A new deep learning technique increased the precision of short-term rainfall forecasts.

What's new: Suman Ravuri, Karel Lenc, Matthew Willson, and colleagues at DeepMind, UK Meteorological Office, University of Exeter, and University of Reading developed the Deep Generative Model of Radar (DGMR) to predict amounts of precipitation up to two hours in advance.

Key insight: State-of-the-art precipitation simulations struggle with short time scales and small distance scales. A generative adversarial network (GAN) can rapidly generate sequences of realistic images. Why not weather maps? A conditional GAN, which conditions its output on a specific input — say, previous weather history — could produce precipitation maps of future rainfall in short order.
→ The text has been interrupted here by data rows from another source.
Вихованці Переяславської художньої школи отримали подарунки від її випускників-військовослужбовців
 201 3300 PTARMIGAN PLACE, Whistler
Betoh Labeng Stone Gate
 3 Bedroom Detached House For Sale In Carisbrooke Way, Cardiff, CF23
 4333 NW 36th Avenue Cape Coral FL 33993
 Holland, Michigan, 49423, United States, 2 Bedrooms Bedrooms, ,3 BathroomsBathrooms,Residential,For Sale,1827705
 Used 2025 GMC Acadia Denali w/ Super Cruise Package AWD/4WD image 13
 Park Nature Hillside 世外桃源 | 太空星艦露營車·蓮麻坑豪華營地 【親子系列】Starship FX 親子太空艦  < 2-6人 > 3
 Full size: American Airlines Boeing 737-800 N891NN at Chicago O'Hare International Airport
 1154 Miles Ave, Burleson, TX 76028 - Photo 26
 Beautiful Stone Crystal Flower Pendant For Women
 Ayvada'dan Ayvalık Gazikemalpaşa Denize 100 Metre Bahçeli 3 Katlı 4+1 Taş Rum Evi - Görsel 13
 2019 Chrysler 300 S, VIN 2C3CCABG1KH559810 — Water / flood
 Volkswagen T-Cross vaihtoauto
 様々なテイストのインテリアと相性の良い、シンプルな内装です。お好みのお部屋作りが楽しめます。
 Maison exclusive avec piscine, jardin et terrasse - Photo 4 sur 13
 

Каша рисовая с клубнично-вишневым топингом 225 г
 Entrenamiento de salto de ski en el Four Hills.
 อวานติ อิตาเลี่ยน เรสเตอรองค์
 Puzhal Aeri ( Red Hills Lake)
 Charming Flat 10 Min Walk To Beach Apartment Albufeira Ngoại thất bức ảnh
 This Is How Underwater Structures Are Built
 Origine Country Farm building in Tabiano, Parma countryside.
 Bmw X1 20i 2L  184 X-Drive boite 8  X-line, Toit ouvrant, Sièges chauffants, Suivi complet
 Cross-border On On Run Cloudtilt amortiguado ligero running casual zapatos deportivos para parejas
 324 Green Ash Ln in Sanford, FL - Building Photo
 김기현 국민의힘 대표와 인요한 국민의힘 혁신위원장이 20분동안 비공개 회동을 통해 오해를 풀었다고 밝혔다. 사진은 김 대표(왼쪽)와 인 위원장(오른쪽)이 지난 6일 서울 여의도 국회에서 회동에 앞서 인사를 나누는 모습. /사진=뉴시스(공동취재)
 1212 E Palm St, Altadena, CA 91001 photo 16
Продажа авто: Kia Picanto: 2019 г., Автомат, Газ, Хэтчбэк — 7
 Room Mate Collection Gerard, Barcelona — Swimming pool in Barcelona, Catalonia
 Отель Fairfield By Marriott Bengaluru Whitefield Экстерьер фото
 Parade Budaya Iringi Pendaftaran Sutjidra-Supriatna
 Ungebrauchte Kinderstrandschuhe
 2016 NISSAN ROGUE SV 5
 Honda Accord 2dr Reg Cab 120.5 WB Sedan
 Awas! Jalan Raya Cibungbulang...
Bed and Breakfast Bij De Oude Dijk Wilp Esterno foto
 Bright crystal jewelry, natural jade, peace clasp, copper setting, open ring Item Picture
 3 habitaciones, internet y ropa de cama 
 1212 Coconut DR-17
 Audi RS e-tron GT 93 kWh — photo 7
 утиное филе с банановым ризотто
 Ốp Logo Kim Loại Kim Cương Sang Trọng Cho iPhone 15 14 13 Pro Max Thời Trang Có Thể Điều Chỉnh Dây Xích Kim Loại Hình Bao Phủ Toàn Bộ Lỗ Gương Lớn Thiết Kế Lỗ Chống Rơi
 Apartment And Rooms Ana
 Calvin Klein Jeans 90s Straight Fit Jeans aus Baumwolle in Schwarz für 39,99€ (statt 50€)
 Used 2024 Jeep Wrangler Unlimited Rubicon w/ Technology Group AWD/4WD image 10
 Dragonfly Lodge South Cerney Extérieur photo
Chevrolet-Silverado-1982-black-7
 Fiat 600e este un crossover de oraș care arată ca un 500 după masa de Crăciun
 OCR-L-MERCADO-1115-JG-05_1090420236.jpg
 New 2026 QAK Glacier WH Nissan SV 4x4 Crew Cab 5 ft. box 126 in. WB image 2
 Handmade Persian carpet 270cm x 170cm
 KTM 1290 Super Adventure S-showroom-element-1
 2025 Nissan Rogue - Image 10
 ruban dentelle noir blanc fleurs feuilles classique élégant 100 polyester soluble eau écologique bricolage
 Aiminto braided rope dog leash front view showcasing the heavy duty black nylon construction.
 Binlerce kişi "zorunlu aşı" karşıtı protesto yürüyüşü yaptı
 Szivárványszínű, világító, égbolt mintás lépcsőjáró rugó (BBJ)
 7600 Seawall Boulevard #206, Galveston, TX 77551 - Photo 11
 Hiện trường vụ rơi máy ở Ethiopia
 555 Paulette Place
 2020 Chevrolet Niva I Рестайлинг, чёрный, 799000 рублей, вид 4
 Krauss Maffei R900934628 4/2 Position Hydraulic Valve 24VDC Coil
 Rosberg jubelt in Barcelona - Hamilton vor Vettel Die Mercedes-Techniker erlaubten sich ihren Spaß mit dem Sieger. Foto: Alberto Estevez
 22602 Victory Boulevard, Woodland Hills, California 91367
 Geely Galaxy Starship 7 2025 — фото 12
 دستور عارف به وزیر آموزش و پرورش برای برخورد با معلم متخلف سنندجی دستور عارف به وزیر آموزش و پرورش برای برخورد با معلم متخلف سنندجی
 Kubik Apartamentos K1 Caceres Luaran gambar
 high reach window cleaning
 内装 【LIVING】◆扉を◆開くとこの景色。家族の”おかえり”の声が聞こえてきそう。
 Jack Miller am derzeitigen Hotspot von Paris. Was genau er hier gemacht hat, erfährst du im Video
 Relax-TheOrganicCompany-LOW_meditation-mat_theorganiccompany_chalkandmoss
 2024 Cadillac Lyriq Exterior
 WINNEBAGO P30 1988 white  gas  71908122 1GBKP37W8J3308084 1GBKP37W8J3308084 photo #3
How it works: Given a random input, a GAN learns to produce realistic output through competition between a discriminator that judges whether output is synthetic or real and a generator that aims to fool the discriminator. A conditional GAN works the same way but adds an input that conditions both the generator’s output and the discriminator’s judgment. The authors trained a conditional GAN, given radar images of cloud cover, to generate a series of precipitation maps that represent future rainfall.

  • The generator took as input four consecutive radar observations recorded at five-minute intervals in the UK between 2016 and 2019. It used a series of convolutional layers to generate a representation of each and concatenated the representations. Given these observations and a random vector, a series of convGRU blocks (a type of convolutional recurrent neural network block) generated 18 grids that represented a 90-minute sequence of predicted precipitation per square kilometer.
  • Two discriminators evaluated the generator’s output. A spatial discriminator made up of a convolutional neural network randomly selected eight of the 18 generated maps (for the sake of memory efficiency) and decided whether they were real. A temporal discriminator used 3D convolutions to process the 18 generated maps concatenated with the four input maps. Then it decided whether the generated sequence was real.
  • In addition to the comparative loss terms, the discriminators used a loss term that encouraged the generator to minimize the difference, in each grid square, between real radar measurements and the average of six generated maps. This loss term increased the output resolution.
  • At inference, the authors ran the generator multiple times and averaged the outputs. They used the variance to estimate uncertainty (for instance, a 20 percent chance of rain).

Results: The authors tested their approach at multiple time intervals and distance scales according to the continuous ranked probability score, a modified version of mean average error in which lower is better. Its output was on par with or slightly more accurate than that of the next-best competitor, Pysteps. Of 56 meteorologists who compared the generated and ground-truth precipitation maps, roughly 90 percent found that the authors’ predictions had higher “accuracy and value” than the Pysteps output with respect to medium and heavy rain events.

Why it matters: GANs can produce realistic images whether they’re cat photos or precipitation maps. A conditional GAN can turn that capability into a window on the future. Moreover, by averaging multiple attempts by the conditional GAN, it’s possible to compute the certainty of a given outcome.

We're thinking: Predicting the weather isn’t just hard, it’s variably hard —  it’s far harder at certain times than at others. An ensemble approach like this can help to figure out whether the atmosphere is in a more- or less-predictable state.